Era uma vez um miúdo. Muito miúdo. Verão. E ao domingo de manhã, bem cedo, o miúdo descia a calçada na zona da mouraria onde morava, pela mão do pai. Pelo passeio da Rua do Ouro ansiava chegar ao Terreiro do Paço. O rio, largo. O barco, para a outra banda. E em Cacilhas, o velho autocarro que o levaria até à eterna Caparica e ao seu mar refrescante. Mas antes, na Cova da Piedade, quando o autocarro dava a única curva digna desse nome durante a curta viagem, os olhos do nosso garoto prendiam-se num sinal, uma placa, que indicava na direcção mais ou menos oposta à do petiz: “Algarve EN10”.
Não sei o que mais me fazia sonhar. A doce e vagamente exótica fonética al-gar-ve ou aquele número magico, “dez”, precedido do importante – pensava eu…. - “EN”. Que um dia soube significar “Estrada Nacional”.
A verdade é que por vezes somos traídos pela fonética, e a Estrada Nacional 10 não nos leva sequer ao Algarve. Mas a memória sobreviveu até hoje. Quando passo na zona ainda me lembro.
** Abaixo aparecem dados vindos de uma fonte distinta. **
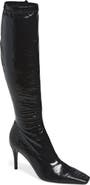 Courrèges Cap Toe Vinyl Boot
Sempre. Esticava o pescoço até não puder mais, olhos postos naquela placa de pedra branca com letras a negro pintadas. O mistério. Sempre o mistério. O que estará para além da curva. Como será o caminho? A paisagem? A estrada? O destino?
“A estrada, a moto e o telefone esperto” começa aqui. E surge do sonho e do mistério. Passados tantos anos as questões persistem: como será o caminho? A paisagem? A estrada? O destino? Porque como um dia escreveu Saramago na sua obra-prima mais ou mesmo olvidada, Viagem a Portugal, “o fim duma viagem é apenas o começo doutra. É preciso ver o que não foi visto, ver outra vez o que se viu já, ver na Primavera o que se vira no Verão, ver de dia o que se viu de noite, com sol onde primeiramente a chuva caía, ver a seara verde, o fruto maduro, a pedra que mudou de lugar, a sombra que aqui não estava. É preciso voltar aos passos que foram dados, para os repetir, e traçar caminhos novos ao lado deles. É preciso recomeçar a viagem. Sempre. O viajante volta já”.
“A estrada, a mota e o telefone esperto” não pretende ser um conjunto de textos onde imperem os mais ou menos apalermados lugares comuns do género “Nacional 2, a route 66 portuguesa” ou “Nacional 222, a melhor estrada do mundo”.
“A estrada, a moto e o telefone esperto” pretende ser um conjunto de textos em modo western spaghetti 2.0. Sem o mau. E muito menos sem o vilão.
Uma estrada, uma moto e um mero dispositivo móvel no bolso, que ajude a perpetuar a memória. Simples! O viajante volta já.